En mi última visita a Ávila se me
cruzó en el camino la necesidad de ir a recoger a la estación de tren a un
sobrino que llegaba de Madrid. Acudí solícito y esperé tan solo unos minutos
hasta que lo vi aparecer con su maleta a cuestas. Un beso de saludo y al coche.
De la estación a su casa no hay
más de cinco minutos en automóvil. Pero es que, a los tres de trayecto, ya se
había ejemplificado lo que es vivir en el continuo malentendido. Cualquiera de
los dos había entendido al revés algo que tenía que ver con las novedades
generales por Madrid y con los años que ese sobrino llevaba residiendo en
Ávila. Son dos equivocaciones de escaso pelo, pero suficientes para concluir
entre personas algo inteligentes que, sin los contextos y sin la buena
voluntad, todo se echa a perder y corre el riesgo de derivar en cualquier
fantasma incontrolable. No fue el caso, por supuesto, pues solo sirvió para la
consideración que aquí esbozo y para unas risas compartidas.

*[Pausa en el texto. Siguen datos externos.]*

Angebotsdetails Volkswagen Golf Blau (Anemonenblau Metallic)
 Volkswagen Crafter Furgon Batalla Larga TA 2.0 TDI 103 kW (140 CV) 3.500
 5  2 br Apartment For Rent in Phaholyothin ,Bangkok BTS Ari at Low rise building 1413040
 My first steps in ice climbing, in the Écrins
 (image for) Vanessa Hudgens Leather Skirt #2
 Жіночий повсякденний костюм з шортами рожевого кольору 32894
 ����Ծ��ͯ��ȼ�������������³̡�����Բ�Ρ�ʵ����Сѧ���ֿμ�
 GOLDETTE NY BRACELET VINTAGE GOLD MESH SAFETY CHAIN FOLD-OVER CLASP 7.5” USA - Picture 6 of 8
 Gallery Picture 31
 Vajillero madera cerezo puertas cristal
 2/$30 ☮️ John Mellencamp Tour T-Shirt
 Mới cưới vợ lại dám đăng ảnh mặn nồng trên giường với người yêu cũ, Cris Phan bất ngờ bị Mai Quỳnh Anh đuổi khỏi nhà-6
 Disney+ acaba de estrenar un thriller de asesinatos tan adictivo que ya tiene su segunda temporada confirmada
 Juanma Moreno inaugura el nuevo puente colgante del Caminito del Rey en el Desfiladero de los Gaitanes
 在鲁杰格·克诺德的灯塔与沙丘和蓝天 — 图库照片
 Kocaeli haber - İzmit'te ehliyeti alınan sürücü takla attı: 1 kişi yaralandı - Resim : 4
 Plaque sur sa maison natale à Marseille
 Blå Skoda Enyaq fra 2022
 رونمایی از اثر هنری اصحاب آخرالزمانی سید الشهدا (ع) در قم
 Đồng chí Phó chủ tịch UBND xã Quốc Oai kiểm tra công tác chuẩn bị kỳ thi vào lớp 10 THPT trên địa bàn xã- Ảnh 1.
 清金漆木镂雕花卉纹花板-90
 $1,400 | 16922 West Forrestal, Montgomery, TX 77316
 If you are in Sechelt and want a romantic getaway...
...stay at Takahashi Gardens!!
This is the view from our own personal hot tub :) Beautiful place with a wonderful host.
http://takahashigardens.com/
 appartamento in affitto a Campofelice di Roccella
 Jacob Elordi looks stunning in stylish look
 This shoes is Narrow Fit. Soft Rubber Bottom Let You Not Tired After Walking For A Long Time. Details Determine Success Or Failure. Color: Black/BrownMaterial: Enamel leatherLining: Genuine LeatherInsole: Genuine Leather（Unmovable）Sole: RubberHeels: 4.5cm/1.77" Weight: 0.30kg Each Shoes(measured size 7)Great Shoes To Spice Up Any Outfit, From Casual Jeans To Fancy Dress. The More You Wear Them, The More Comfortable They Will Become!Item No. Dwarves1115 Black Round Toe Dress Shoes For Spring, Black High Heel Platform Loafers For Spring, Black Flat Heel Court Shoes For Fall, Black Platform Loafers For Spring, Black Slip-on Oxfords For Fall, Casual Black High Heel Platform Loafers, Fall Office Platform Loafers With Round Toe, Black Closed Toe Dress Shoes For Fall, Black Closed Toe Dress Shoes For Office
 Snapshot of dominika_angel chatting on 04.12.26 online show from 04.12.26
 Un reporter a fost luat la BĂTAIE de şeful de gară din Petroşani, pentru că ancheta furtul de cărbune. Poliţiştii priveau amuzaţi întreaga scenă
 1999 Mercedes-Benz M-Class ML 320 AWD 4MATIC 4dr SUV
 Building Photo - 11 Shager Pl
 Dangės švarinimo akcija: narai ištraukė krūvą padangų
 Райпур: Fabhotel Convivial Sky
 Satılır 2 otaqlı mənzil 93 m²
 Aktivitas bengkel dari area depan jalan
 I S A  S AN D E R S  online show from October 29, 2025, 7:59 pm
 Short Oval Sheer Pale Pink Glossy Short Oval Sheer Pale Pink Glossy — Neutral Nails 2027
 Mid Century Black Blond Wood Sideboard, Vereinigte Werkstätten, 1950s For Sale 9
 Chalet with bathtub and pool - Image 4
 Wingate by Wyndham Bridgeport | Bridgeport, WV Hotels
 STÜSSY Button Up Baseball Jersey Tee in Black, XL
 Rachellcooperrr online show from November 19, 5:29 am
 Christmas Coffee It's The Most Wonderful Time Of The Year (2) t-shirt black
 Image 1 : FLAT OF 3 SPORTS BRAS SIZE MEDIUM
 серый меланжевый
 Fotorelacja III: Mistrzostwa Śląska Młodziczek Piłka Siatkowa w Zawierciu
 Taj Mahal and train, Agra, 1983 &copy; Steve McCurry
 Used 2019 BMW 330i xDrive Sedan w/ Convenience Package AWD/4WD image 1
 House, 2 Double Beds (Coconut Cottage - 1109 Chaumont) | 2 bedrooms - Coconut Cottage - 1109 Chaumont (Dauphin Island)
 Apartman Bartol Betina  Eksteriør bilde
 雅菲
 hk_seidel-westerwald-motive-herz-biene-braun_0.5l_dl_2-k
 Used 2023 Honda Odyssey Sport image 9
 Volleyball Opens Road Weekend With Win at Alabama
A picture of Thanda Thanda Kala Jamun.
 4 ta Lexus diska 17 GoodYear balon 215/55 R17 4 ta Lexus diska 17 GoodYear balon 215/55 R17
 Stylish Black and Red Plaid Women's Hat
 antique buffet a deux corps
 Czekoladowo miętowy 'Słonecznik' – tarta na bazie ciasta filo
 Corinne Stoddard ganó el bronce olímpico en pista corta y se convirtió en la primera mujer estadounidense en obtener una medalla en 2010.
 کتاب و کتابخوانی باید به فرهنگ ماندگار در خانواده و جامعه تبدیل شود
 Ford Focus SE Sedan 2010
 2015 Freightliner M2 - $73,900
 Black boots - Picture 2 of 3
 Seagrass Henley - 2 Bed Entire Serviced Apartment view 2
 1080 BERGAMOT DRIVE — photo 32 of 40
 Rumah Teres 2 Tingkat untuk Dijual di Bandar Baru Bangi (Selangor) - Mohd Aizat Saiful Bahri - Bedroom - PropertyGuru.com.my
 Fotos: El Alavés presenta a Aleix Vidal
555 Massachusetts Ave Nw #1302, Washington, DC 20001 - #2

Tengo para mí que el mundo anda
lleno de equívocos y de malas interpretaciones. A veces esas interpretaciones
equivocadas tienen que ver con el nivel fónico y con la oreja o la boca mal
equipados para la emisión y para la recepción del mensaje; son más de las que
parece. Otras veces se producen en otros niveles que implican el
desconocimiento de los significados de palabras o de las oraciones, el olvido
de los contextos en los que se producen esos significados o de las situaciones
en las que se generan las comunicaciones. De vez en cuando se mezclan casi
todos los niveles y se produce tal grado de contaminación acústica y
significativa que no hay manera si no se acude a la limpieza de la bonhomía y
del sentido común. Y como, a pesar de todas las mejores intenciones, cada hijo
de vecino se mueve en unas circunstancias personales diferentes, todo se
revuelve y se pone gris y alborotado.
Cualquier nivel nos sirve para comprobar
la certeza de esta afirmación. Ver perorar a Rajoy o a Rubalcaba, por simplificar,
y darse cuenta de que, según de qué manera se observen sus afirmaciones, algo
de razón tienen ambos (a mí me parece que uno bastante más que el otro), y
verlos cómo siguen afanados en lanzar al viento sus verdades absolutas nos sitúa
en la necesidad de aplicar serenidad y seso, cordura y buena voluntad a lo que
oímos.
Pero lo que hacen ellos lo
hacemos todos a cada instante. Yo, desde luego: buen ejemplo es este de Ávila. No
veo cómo se puede tranquilizar el ambiente y la convivencia si no es desde esa
buena disposición de la voluntad para aclarar tanto mal entendido como corre
por ahí.
Hay tal vez, entre otras, una
pega que se opone a ello: seguro que, cuando se aclaran las situaciones con
serenidad, se modelan las realidades y se tranquilizan las opiniones y las
actuaciones; pero también entonces se aclaran y se desmitifican muchas torres
de humo y muchas realidades que acaso están apoyadas en bases de barro muy poco
consistentes. Y a eso tal vez no estemos siempre dispuestos.